Fransa’da da Hükümet istifa etmiş, Güney Afrika Cumhuriyetinde ise yeni bir Hükümet iş başına geçmiştir.
Gazze’de 145.000 Filistinlinin öldürülmesine dünya ve özellikle Arap alemi sessiz kalırken 8 Aralık 2024’de, Suriye’de liderinin başına 10 milyon Dolar ödül konan ve el Kaide terör örgütü kökenli olarak tanınan Heyet Tahrir el Şam (HTŞ), 13 günde, hiçbir direnç görmeden Şam’a varmış ve Devlet Başkanı Başer Esat, Rusya’ya sığınmak zorunda kalmıştır.
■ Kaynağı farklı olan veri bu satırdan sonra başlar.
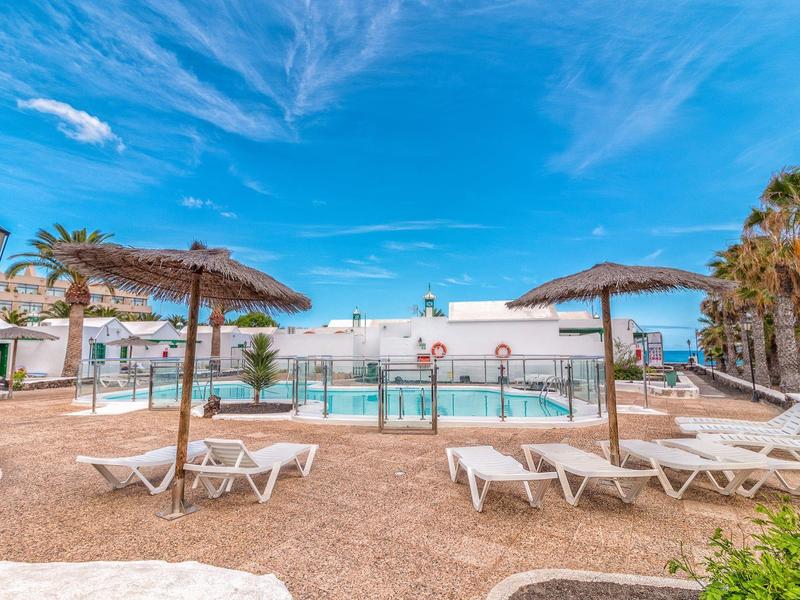 Piscina dell'hotel con lettini e ombrelloni di paglia sotto un cielo azzurro.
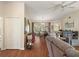 Open concept living room with dining area and sliding glass doors to the lanai at 4553 Belle Grv, Leesburg, FL 34748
Suriye konusu daha çok tartışılacak, gerçekler ortaya çıktıkça şaşırıp kalacağız. Ancak şimdiden bu darbenin İsrail gibi bölgesel bir güç ve ABD tarafından çok iyi planlanmış olduğu ifade edilebilir. ABD’nin İsrail ile işbirliğine belli bir noktadan sonra da Rusya’nın müdahil edilmesi Esat’ın kaçış planının yapılması da dahil olmak üzere ortaklaşa bir eylem planının uygulandığı çok açık.
Donald Trump’ın “Suriye konusunda anahtar Türkiye’nin elindedir” şeklindeki açıklaması ise ABD’nin Suriye işini Türkiye üzerine zimmetleme girişimidir. Zira Trump’ın 20 Ocak 2025’de yemin ettikten sonra Ukrayna savaşını sona erdirmek isteyeceği çok açık. Ukrayna ise kendisine ait Kursk bölgesini Rusya’nın elinden almasının keyfini çıkarır ve Moskova’nın ortasında Ukrayna işgalinin planlarını yapan bir Rus generali öldürtürken ABD koşulların Ukrayna lehinde olduğu bu dönemde ağırlığını Ukrayna lehine koymak isteyecektir.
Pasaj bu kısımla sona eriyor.